Practical Application of Scikit-learnSVM in Python
Preparation work:
1. Install Python. You can download and install the latest version of Python from the official website.
2. Install Scikit learn. You can use the pip command (pip install scikit learn) or use Anaconda for installation (conda install scikit learn).
3. Download the dataset. This sample uses the Iris dataset, which can be downloaded from the following website: https://archive.ics.uci.edu/ml/datasets/iris
Dependent class libraries:
1. sklearn. svm. SVC: SVM algorithm implementation class in Scikit learn.
2. sklearn.datasets.load_ Iris: Iris dataset loading function in Scikit learn.
Sample data description:
The Iris dataset contains 150 samples, each with 4 features (sepal length, sepal width, petal length, and petal width) and their corresponding category labels (Setosa, Versicolor, Virginia).

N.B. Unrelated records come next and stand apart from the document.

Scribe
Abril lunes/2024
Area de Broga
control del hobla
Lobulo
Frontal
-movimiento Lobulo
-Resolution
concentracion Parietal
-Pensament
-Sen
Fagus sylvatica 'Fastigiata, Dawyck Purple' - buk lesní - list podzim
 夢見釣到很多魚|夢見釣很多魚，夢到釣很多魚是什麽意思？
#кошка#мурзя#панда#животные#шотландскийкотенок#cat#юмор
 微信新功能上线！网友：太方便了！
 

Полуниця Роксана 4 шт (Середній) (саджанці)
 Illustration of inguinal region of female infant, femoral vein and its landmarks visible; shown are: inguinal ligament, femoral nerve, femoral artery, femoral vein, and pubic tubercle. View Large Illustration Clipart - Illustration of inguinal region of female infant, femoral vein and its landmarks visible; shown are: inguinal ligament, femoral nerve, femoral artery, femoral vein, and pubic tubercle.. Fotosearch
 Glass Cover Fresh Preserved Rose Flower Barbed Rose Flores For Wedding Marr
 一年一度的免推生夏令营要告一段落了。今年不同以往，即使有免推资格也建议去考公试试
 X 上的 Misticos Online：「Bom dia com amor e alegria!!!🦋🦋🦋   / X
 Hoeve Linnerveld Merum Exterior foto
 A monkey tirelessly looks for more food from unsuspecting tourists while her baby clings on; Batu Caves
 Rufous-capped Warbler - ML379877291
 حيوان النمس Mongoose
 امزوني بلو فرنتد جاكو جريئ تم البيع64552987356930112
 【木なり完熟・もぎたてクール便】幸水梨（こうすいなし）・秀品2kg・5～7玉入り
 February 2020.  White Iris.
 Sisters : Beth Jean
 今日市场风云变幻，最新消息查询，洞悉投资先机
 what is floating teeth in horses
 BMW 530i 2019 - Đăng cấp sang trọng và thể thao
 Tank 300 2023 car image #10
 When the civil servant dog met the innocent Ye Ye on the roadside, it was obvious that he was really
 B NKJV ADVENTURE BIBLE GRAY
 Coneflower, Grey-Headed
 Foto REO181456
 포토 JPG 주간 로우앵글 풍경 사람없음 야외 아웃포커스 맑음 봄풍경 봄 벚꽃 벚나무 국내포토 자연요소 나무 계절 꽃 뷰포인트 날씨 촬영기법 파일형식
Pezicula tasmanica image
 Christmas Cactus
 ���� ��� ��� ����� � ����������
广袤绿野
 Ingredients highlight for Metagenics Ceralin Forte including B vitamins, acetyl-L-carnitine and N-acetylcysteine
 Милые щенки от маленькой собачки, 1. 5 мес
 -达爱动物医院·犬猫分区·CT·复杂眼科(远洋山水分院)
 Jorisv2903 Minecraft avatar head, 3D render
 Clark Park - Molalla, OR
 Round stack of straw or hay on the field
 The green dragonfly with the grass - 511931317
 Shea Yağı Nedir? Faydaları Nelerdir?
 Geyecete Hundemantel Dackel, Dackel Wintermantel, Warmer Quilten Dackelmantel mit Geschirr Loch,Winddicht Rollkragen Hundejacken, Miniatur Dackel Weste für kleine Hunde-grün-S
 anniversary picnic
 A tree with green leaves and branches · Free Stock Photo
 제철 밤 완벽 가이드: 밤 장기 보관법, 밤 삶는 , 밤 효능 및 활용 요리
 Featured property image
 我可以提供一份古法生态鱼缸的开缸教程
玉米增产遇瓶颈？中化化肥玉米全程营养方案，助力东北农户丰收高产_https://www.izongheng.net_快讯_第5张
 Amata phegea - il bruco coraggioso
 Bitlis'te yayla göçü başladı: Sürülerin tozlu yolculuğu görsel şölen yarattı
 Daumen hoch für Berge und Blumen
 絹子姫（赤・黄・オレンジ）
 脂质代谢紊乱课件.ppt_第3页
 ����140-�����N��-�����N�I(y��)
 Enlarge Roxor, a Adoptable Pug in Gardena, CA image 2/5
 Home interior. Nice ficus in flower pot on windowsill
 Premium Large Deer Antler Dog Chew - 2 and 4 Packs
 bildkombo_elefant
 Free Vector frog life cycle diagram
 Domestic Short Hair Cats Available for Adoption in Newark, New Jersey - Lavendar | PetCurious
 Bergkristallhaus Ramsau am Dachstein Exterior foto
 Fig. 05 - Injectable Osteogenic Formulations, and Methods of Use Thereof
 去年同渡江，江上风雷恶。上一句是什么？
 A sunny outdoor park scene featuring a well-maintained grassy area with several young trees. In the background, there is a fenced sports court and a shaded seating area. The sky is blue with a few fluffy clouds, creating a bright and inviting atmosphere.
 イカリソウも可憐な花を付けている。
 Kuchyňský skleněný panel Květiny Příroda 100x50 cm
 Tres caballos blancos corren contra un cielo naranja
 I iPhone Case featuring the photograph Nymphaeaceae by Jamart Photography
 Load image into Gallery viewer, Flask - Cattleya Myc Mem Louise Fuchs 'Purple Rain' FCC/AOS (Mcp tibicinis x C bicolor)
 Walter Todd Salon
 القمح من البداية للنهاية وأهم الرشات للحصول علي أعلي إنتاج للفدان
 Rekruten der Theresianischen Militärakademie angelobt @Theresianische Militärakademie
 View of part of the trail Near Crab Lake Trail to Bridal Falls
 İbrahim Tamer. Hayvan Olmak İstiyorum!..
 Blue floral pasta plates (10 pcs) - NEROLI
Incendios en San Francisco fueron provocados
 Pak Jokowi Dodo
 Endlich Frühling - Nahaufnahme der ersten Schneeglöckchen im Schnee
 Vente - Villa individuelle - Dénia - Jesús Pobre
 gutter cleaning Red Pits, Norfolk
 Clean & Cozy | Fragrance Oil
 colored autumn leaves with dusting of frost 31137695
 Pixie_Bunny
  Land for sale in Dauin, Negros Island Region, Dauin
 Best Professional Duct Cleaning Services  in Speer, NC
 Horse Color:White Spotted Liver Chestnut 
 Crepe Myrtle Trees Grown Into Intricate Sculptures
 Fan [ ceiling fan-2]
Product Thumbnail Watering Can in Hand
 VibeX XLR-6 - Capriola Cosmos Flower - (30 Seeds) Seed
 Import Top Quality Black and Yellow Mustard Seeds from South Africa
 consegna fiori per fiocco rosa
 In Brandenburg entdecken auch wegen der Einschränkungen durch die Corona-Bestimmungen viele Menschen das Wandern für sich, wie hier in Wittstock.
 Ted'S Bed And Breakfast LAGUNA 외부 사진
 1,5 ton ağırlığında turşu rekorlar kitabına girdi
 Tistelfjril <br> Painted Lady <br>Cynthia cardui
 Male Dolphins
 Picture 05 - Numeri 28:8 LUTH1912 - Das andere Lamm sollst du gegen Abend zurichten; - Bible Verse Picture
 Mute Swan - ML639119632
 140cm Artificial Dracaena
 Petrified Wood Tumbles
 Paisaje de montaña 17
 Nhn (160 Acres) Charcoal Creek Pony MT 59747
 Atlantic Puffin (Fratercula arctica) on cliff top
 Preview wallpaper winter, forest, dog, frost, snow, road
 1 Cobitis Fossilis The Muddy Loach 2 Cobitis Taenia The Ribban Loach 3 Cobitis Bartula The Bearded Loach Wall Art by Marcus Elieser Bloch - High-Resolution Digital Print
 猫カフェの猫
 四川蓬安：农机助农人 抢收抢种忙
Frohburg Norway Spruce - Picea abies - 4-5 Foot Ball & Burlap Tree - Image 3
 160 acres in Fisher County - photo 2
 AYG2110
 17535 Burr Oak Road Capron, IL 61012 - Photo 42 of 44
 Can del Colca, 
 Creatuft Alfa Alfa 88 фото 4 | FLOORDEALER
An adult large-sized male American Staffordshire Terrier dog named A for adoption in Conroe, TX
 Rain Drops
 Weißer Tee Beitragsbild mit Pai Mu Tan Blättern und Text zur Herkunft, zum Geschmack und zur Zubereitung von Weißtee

The Python code implementation is as follows:
python
from sklearn import svm
from sklearn.datasets import load_iris
#Import Dataset
iris = load_iris()
#Create an SVM classifier object
clf = svm.SVC()
#Training SVM models using datasets
clf.fit(iris.data, iris.target)
#Predict the category of new samples
new_sample = [[5.0, 3.6, 1.3, 0.25]]
predicted_class = clf.predict(new_sample)
#Print prediction results
print("Predicted class:", predicted_class)
Program output result:
Predicted class: [0]
Summary:
This example demonstrates how to use the SVM algorithm in Scikit learn to classify iris datasets. Firstly, we need to install Python and Scikit learn libraries and download the dataset. Then, we import the necessary class libraries and datasets, and create an SVM classifier object. Next, use the dataset to train the SVM model and use the trained model to predict the category of new samples. Finally, print the predicted results.
Through this example, we can see that the SVM algorithm using Scikit learn is very simple and flexible. With the appropriate environment setup and preparation work, we can quickly use the SVM algorithm in Scikit learn to complete practical tasks.